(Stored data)
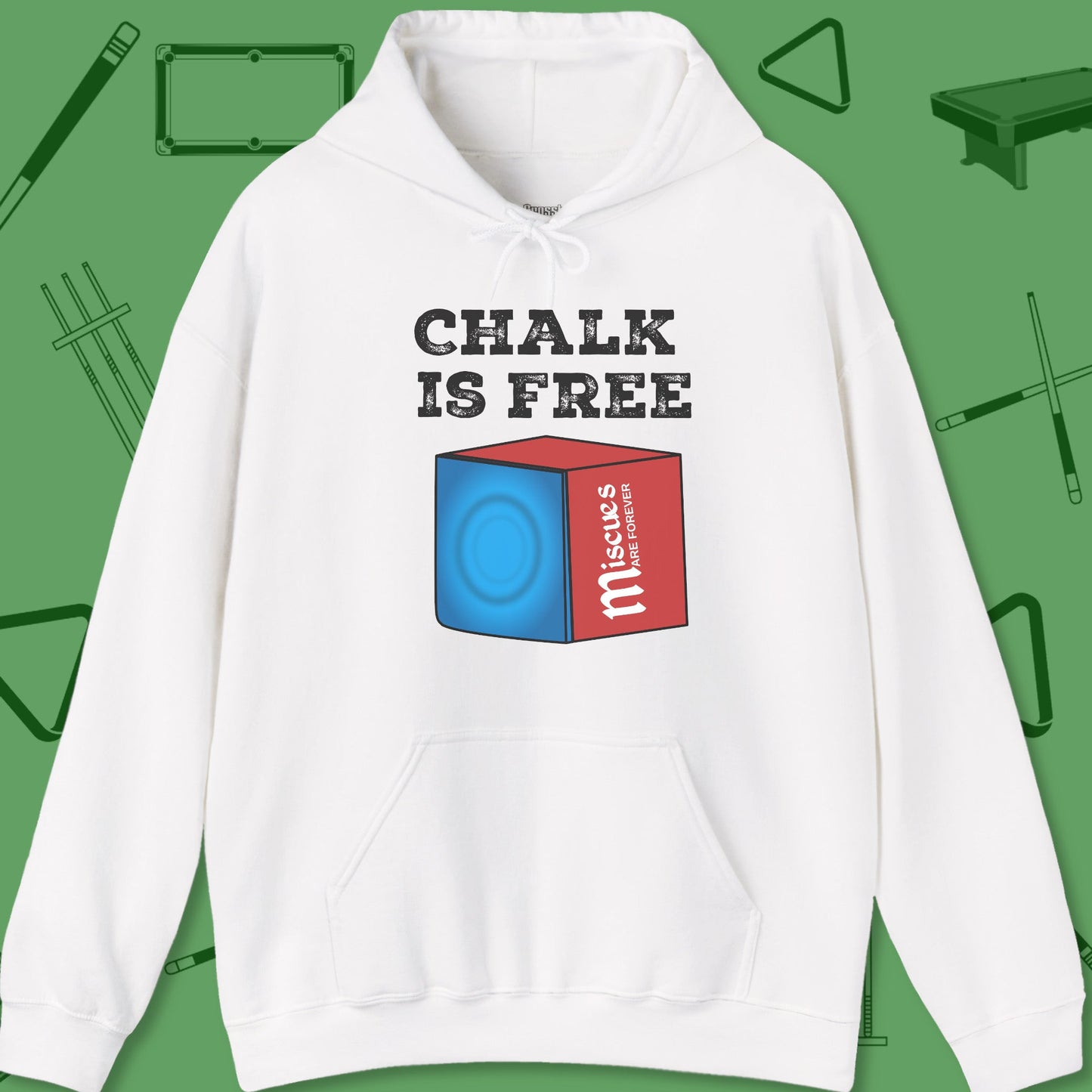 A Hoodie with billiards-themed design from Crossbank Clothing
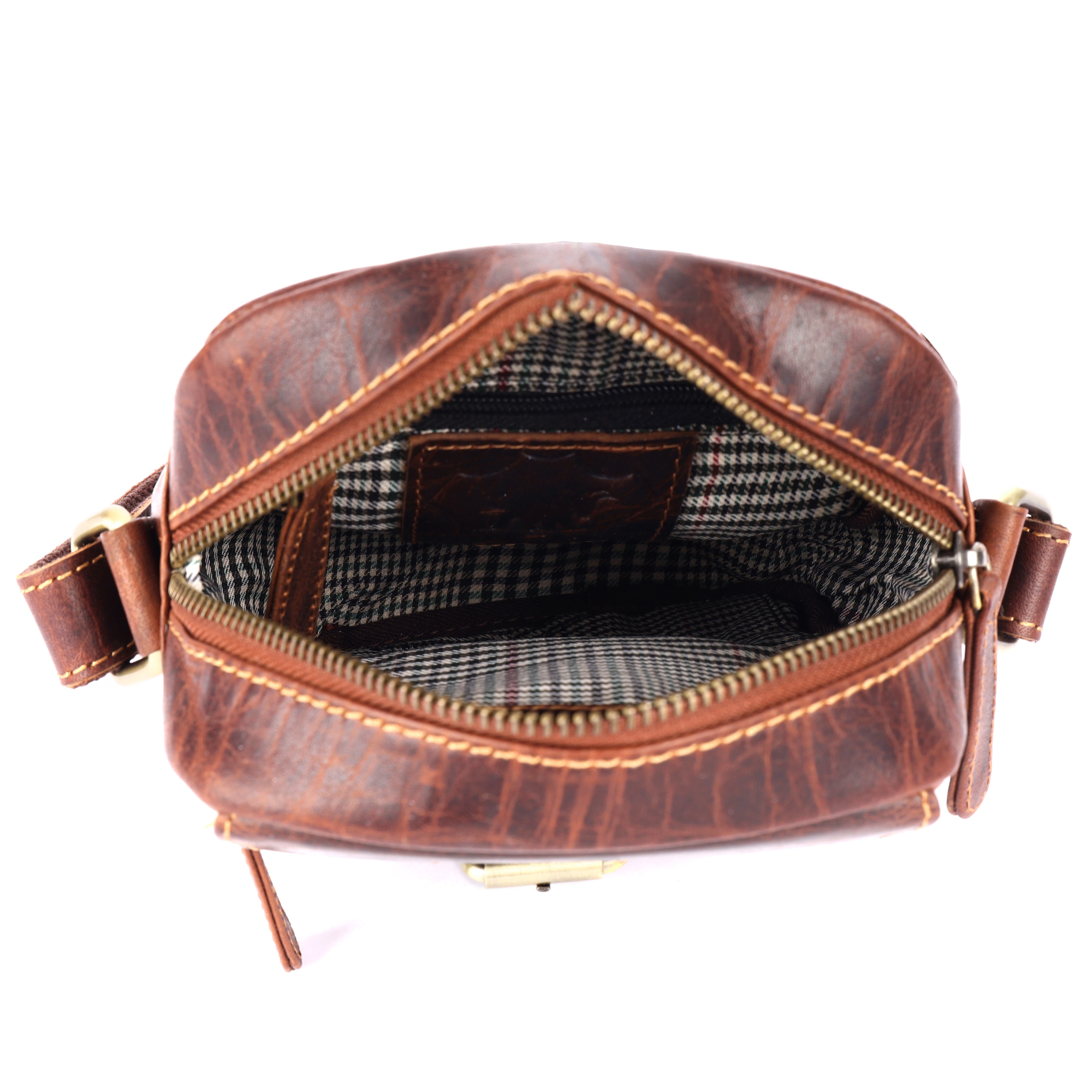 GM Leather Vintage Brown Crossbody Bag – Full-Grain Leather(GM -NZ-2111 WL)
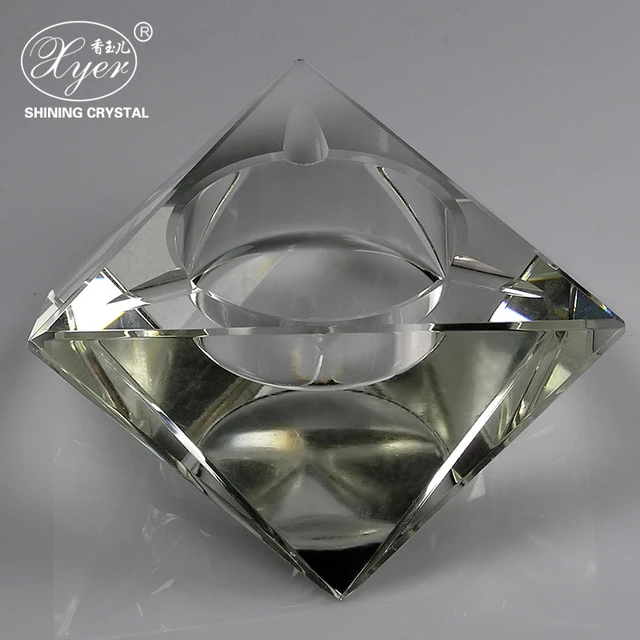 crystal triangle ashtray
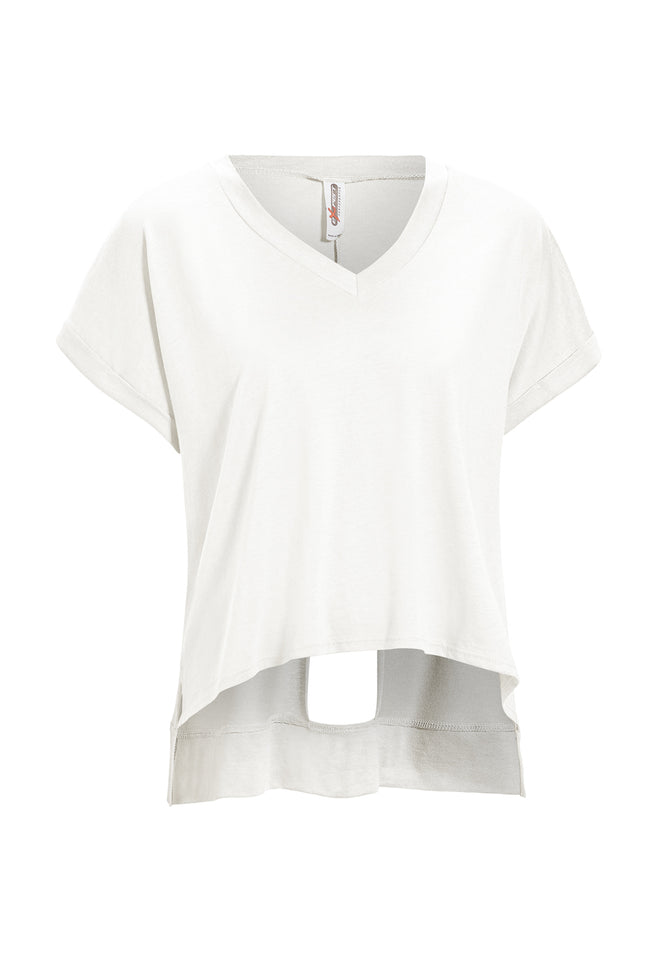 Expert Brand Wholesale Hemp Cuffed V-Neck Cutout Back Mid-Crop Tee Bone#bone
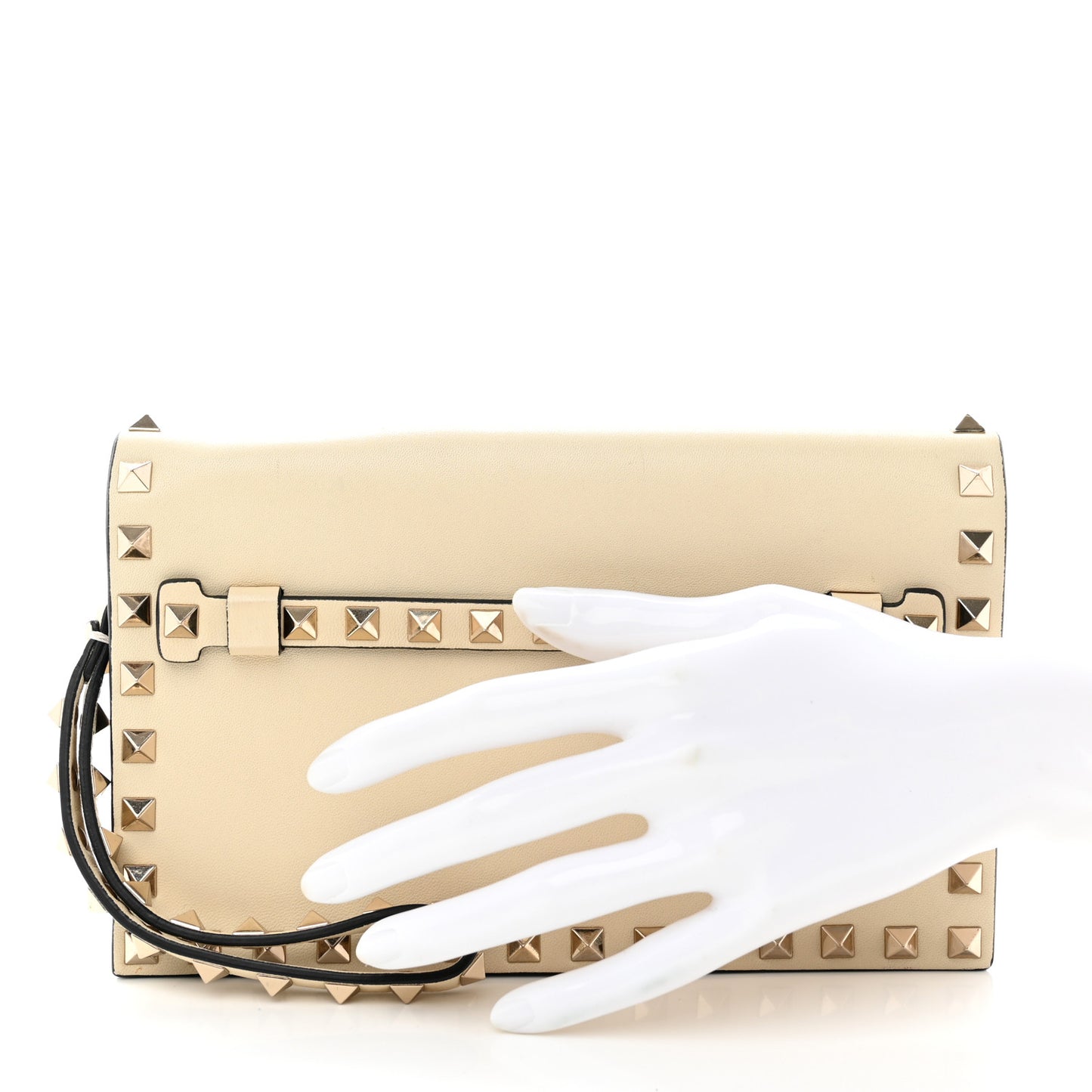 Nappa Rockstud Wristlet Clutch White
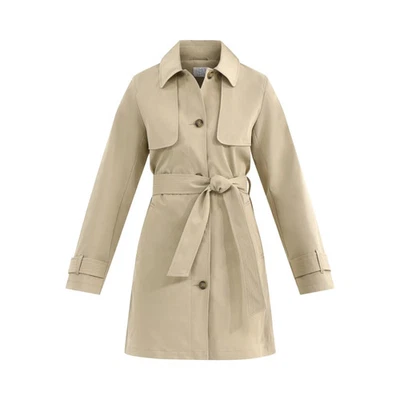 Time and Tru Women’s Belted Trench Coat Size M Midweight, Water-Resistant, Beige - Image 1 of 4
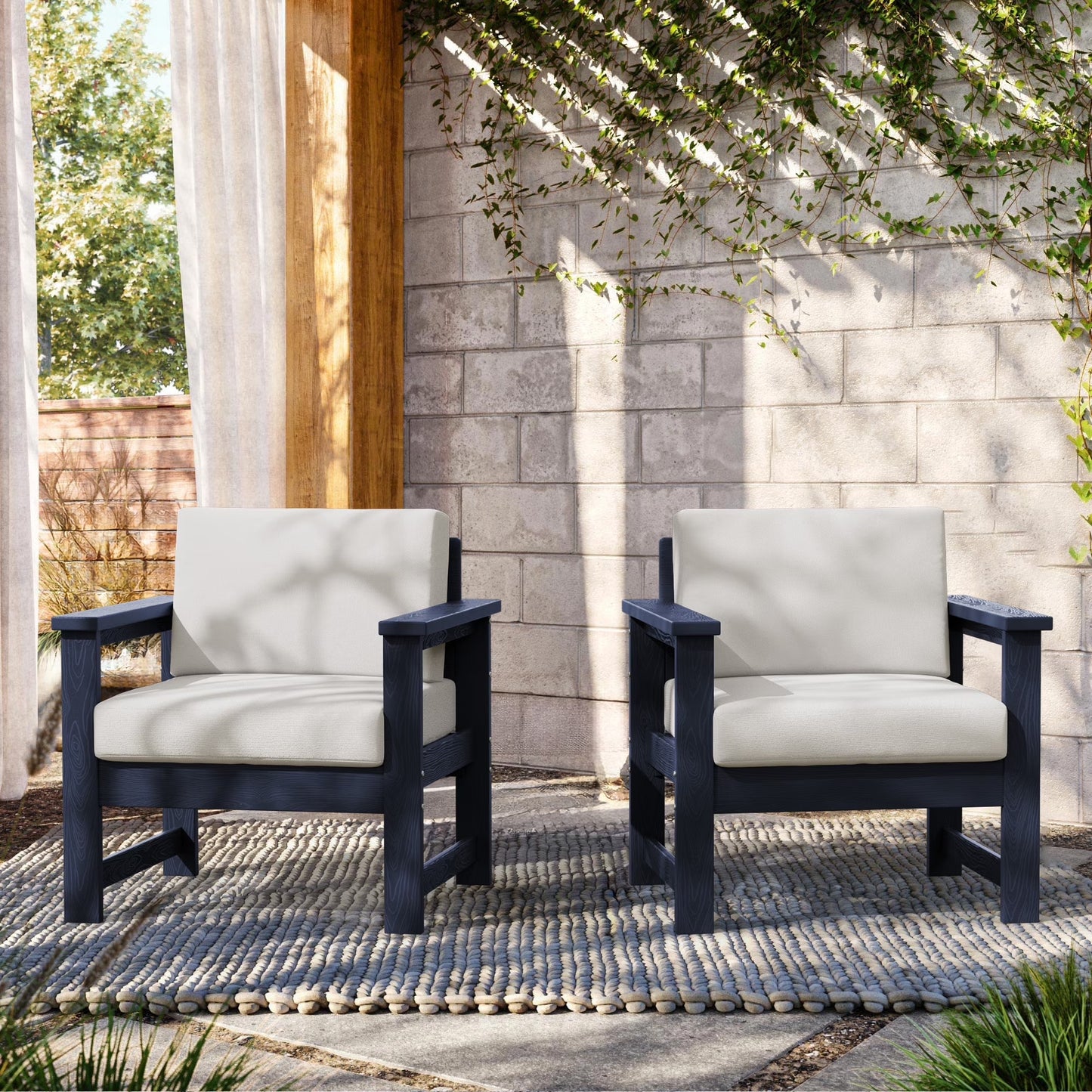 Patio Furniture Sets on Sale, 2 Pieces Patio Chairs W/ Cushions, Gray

Problem to solve ::
Copy out the records exactly; the pictures stay behind.

Response to this exercise ::
 A Hoodie with billiards-themed design from Crossbank Clothing
 GM Leather Vintage Brown Crossbody Bag – Full-Grain Leather(GM -NZ-2111 WL)
 crystal triangle ashtray
 Expert Brand Wholesale Hemp Cuffed V-Neck Cutout Back Mid-Crop Tee Bone#bone
 Nappa Rockstud Wristlet Clutch White
 Time and Tru Women’s Belted Trench Coat Size M Midweight, Water-Resistant, Beige - Image 1 of 4
 Patio Furniture Sets on Sale, 2 Pieces Patio Chairs W/ Cushions, Gray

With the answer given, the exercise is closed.